Before unleashing the program on smokers, Brewer wanted to test the system on himself. The problem was “I was a nonsmoker,” Brewer wrote, “who needed to be able to relate to patients who felt as though their heads were going to explode unless they smoked.”

Nicotine has a half-life of around two hours, so to begin, smokers need to resist the urge to light up for two hours at a time. Brewer reasoned that smokers who could last two hours without a cigarette would cultivate new nonsmoking habits, extending those stretches till they no longer felt the urge to smoke at all.

He simulated these periods of resistance by learning to meditate for two-hour stretches without moving. During moments of restlessness, he followed the RAIN steps — recognize, allow, investigate, note — and if he moved his body, the clock would reset, and he’d have to start again.

This might sound easy, but two hours is a long time to sit still without entertainment. “Surprisingly it wasn’t the physical pain of not shifting for a long time that got me,” Brewer wrote. “It was the restlessness … Those cravings shouted, ‘Get up!’ ”

Months later, when most of the patients on other treatment plans had relapsed, his mindfulness group stayed clean.

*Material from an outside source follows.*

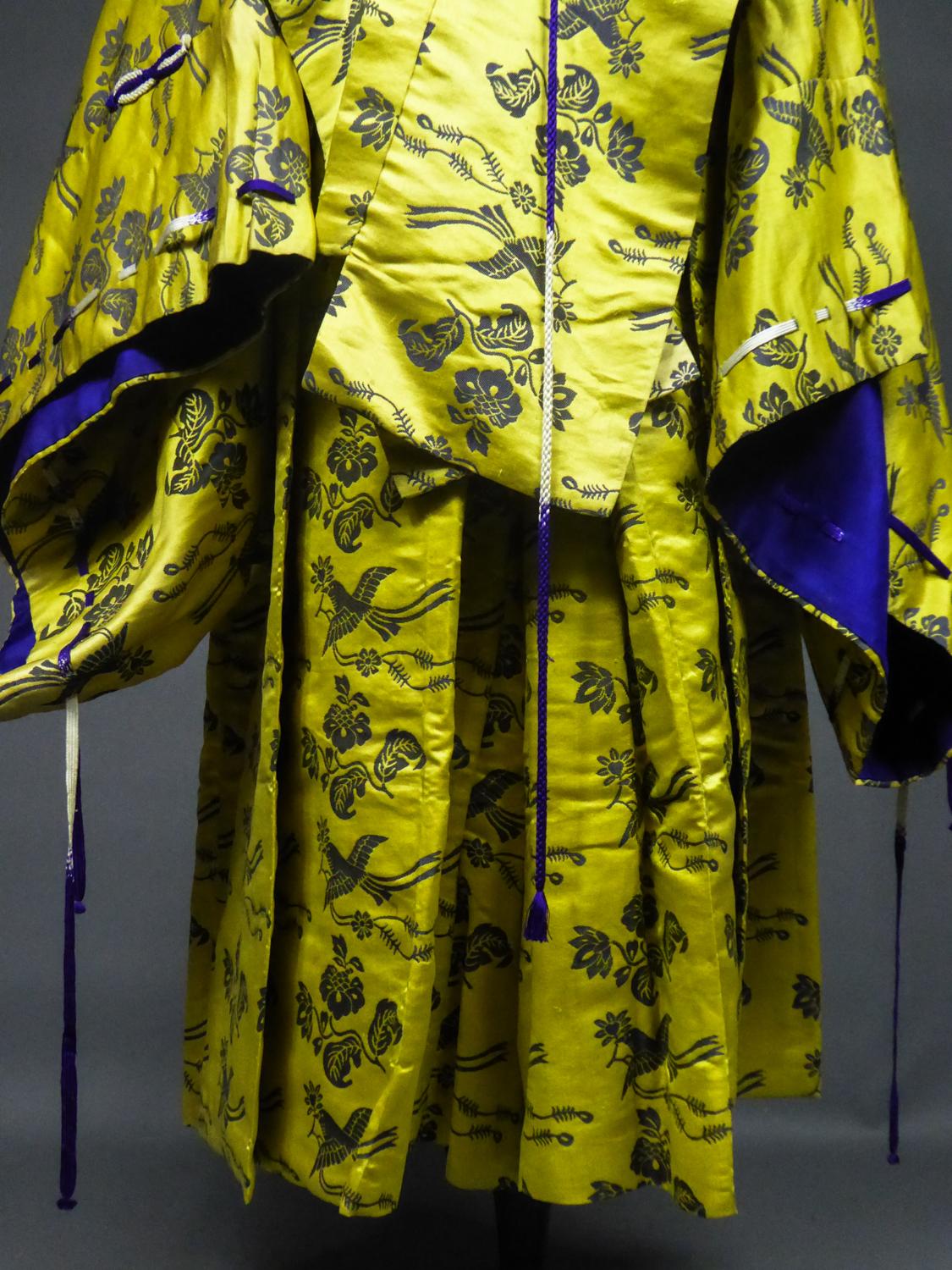 Un set drammatico in seta giapponese CIRCA 1960 in vendita 3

For many months, Brewer would get close, then restlessness would defeat him. “Then one day,” he wrote, “I did it. I sat for the full two hours … Each subsequent sit got easier and easier because I had the confidence that it could be done. And I knew that my patients could quit smoking. They simply needed the proper tools.”

Brewer was right. His patients had been stuck, incapable of quitting one of the most addictive substances on earth. But when he ran study after study, pitting his RAIN mindfulness method against the most effective addiction treatment approaches of the day, his approach was more than twice as effective.

Months later, when most of the patients on other treatment plans had relapsed, his mindfulness group stayed clean. They were more than five times as likely to have shaken their addictions using an approach that essentially taught them to pause at the moment their bodies were most urgently driving them to act.

Of the four steps in Brewer’s RAIN approach, the second — allowing — is perhaps the most critical. Allowing an experience to wash over you sounds disarmingly easy because it doesn’t require you to do anything. But that’s exactly the point. It’s difficult because you’re forced to do nothing despite the urge to act.

For all the benefits of pausing and preparing, though, sometimes the main event doesn’t go to plan. Messi has lost countless matches, and not all of Brewer’s nicotine addicts stayed quit weeks or months after his experiments ended. Mastering the anxiety and discomfort that follow these failures is essential, and it’s one of the major differences between people who achieve breakthroughs and those who stay mired indefinitely.